Une fois dans la capitale régionale de la Casamance, je m’annonce à mon contact. Coup de théâtre. Celui-ci me dit qu’il vient de quitter la ville pour une urgence. « Ne craignez rien. Quelqu’un vous appellera d’ici demain matin », tente-t-il de me convaincre. A 19 heures, mon téléphone sonne et Diatta le Lion m’annonce qu’il est à la réception de mon hôtel. Nous échangeons plus d’une heure cette nuit-là. L’homme se met à ma disposition le lendemain pour me faire visiter la ville. Il m’amène même au lieu où se tenaient les assises du Mfdc version Jean-Marie Biagui. Seulement, il n’entre pas dans salle. « Tous ceux qui sont assis à l’entrée sont des policiers. Ils repèrent les participants et peuvent arrêter ceux qu’ils soupçonnent d’appartenir au vrai Mfdc », m’explique Diatta, avant de me laisser entrer dans la salle.

Pour mon retour, le lundi 19 décembre, Diatta me conseille la route nationale 5 qui sort par Douloulou et Banjul (Gambie). « Tu dois sortir de Ziguinchor très tôt. Si le premier véhicule ne quitte pas la gare avant 9 heures, il faut emprunter n’importe quelle autre voiture pour quitter les lieux. Quelque chose est en préparation. Je ne sais pas les dernières décisions », dit-il. Sur le chemin du retour, effectivement, la nervosité se lit sur le visage des militaires sur l’axe Ziguinchor-Douloulou (frontière avec la Gambie du côté ouest). Des chars sont même garés dans le village de Kawané.

Le lendemain matin, pendant que j’étais à Banjul en Gambie, c’est Diatta le Lion qui me réveille à 6 heures 30. « Nous avons frappé fort à Diégoune ce matin. Pour le moment, le bilan n’est pas encore précis. Cependant, il n’y a pas moins de 10 morts dans les rangs de l’armée dont les renforts sont tombés dans notre embuscade. Nous avons également pris en otage six militaires », jubile-t-il.
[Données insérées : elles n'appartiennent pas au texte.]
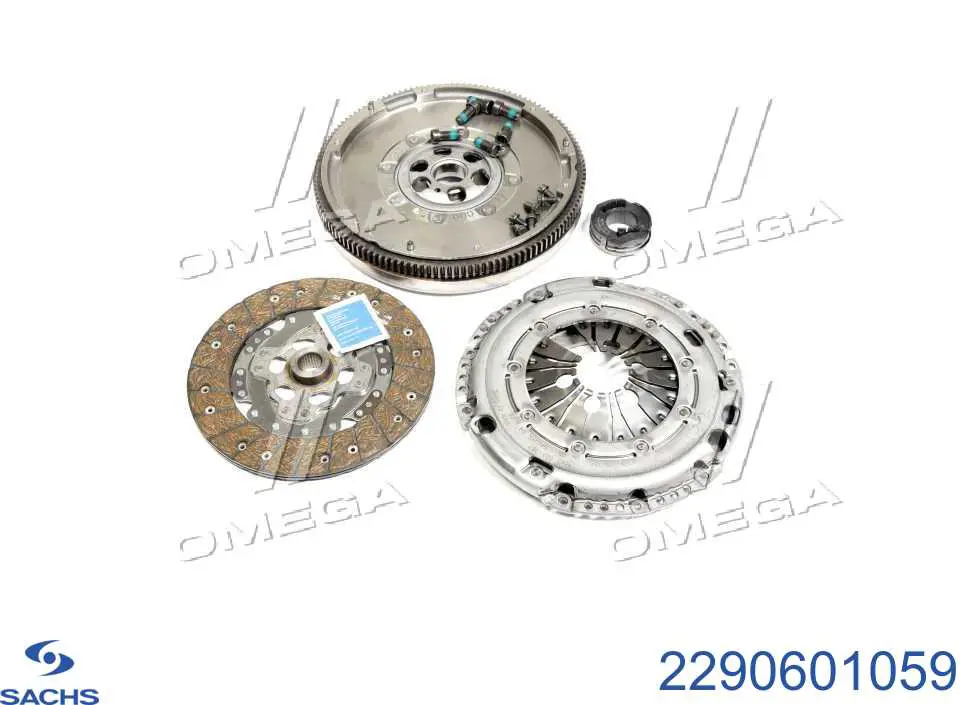 2290601059 Sachs Kit de embraiagem (3 peças)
L’information a été confirmée quelques instants plus tard par les médias. De son côté, la Direction de l’information et des relations publiques de l’armée (Dirpa) a déclaré dans un communiqué de presse qu’il y eu, «côté armée, un tué, un blessé grave et un disparu. Côté rebelles, le bilan provisoire donne cinq morts et six blessés ». Le communiqué ajoute : « Par ailleurs, les éléments du secteur de Diégoune, dépêchés en intervention, ont eu un grave accident de la circulation qui s’est soldé par la mort de sept militaires, dont un officier, et quatre blessés ».
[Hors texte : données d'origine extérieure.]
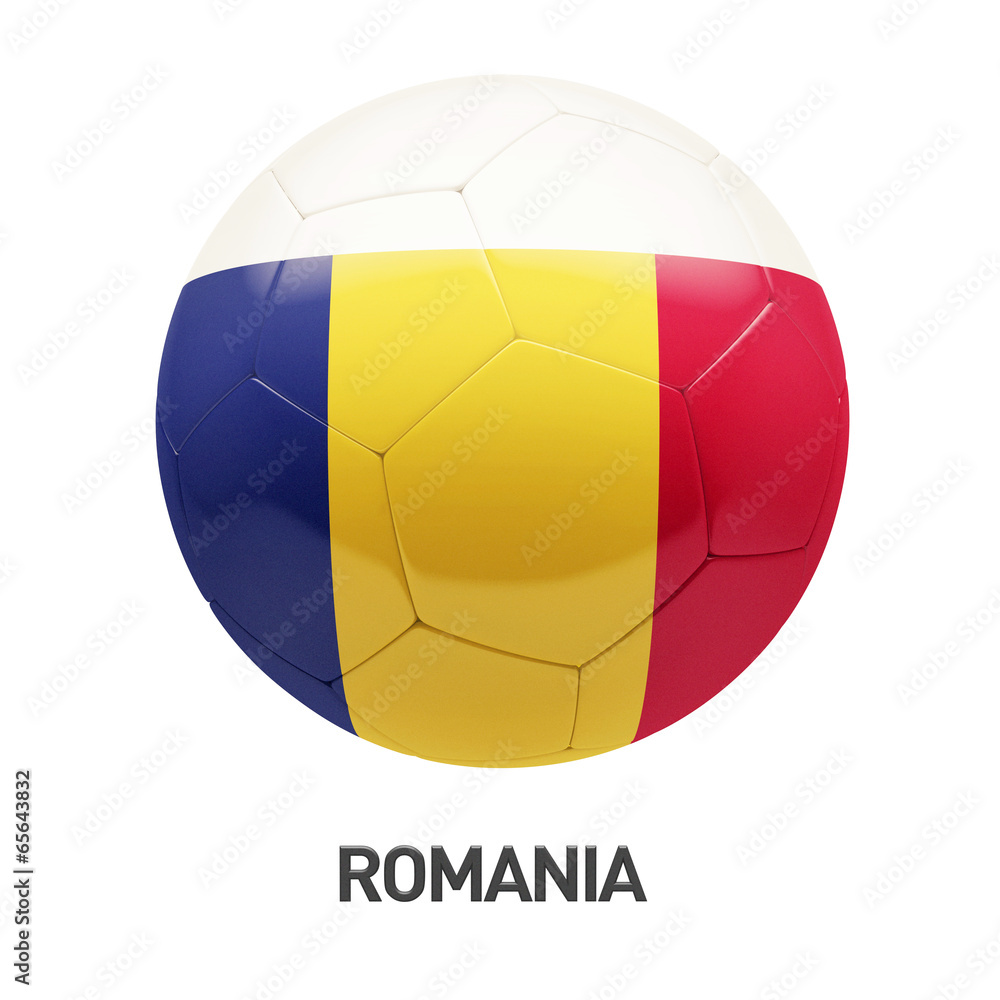Romania Flag Soccer Icon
A Banjul, le ferry est régulier et plus confortable. Mais surtout plus rapide. Même si le scénario reste le même (les passagers payent leur ticket). La traversée en direction de Barra est vite faite. Puis, très rapidement, le tronçon Bara-Karang est parcouru. Les formalités de police (gambienne et sénégalaise) sont accomplies. Je suis, de nouveau, au Sénégal. Avec ses nombreux mendiants qui importunent les visiteurs.

DOUA GOULY
Fraternité Matin

Kamougué Diatta (chef de guerre casamançais) : “ S’il y a un référendum maintenant, le Mfdc perdra ”
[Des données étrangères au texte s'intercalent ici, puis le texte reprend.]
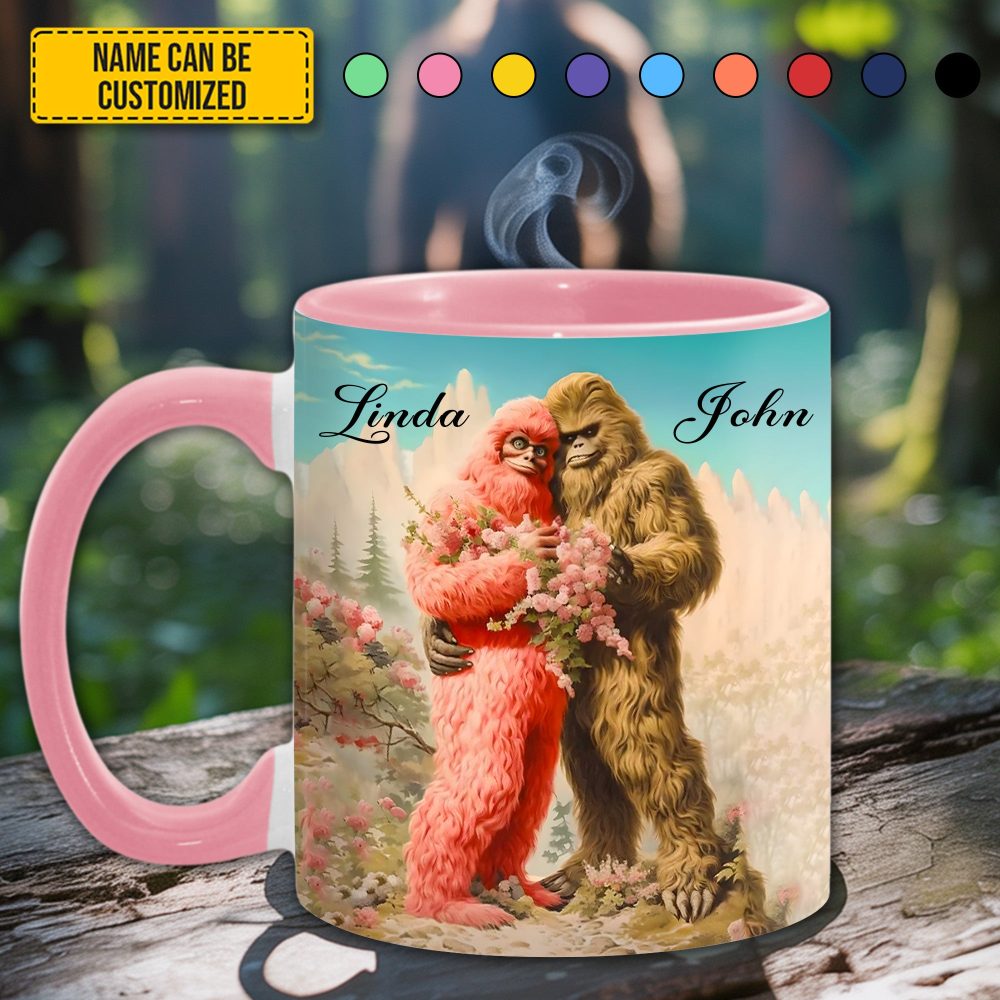 Bigfoot Lovers Anniversary – Personalized Bigfoot Accent Mug - Image 2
Kamougué Diatta est entré dans le maquis à 26 ans. Il en a 56 aujourd’hui. Arrêté en Gambie puis extradé vers Dakar, il vit en résidence surveillée dans la capitale sénégalaise. L’ancien chef de guerre du Mfdc parle de cette rébellion.

Pourquoi votre région est-elle entrée en rébellion contre le pouvoir central?

Comme l’a dit l’abbé Augustin Diamacoune Senghor, nous sommes nés Casamançais et, du jour au lendemain, nous sommes devenus Sénégalais.

C’est-à-dire? Voulez-vous dire que la Casamance n’est pas une partie du Sénégal?

Ce n’est pas une partie du Sénégal. Parce que la Casamance n’a jamais réellement subi une vraie colonisation. Ce ne sont pas les Français seulement qui ont colonisé la Casamance. Notre région a subi trois colonisations. Il y avait d’abord celle des Portugais, ensuite des Français, enfin les Anglais. Et si la France refuse maintenant de nous laisser nous exprimer, c’est pour deux raisons. Elle ne veut pas perdre le Sénégal. Et elle ne veut pas perdre non plus, la Casamance.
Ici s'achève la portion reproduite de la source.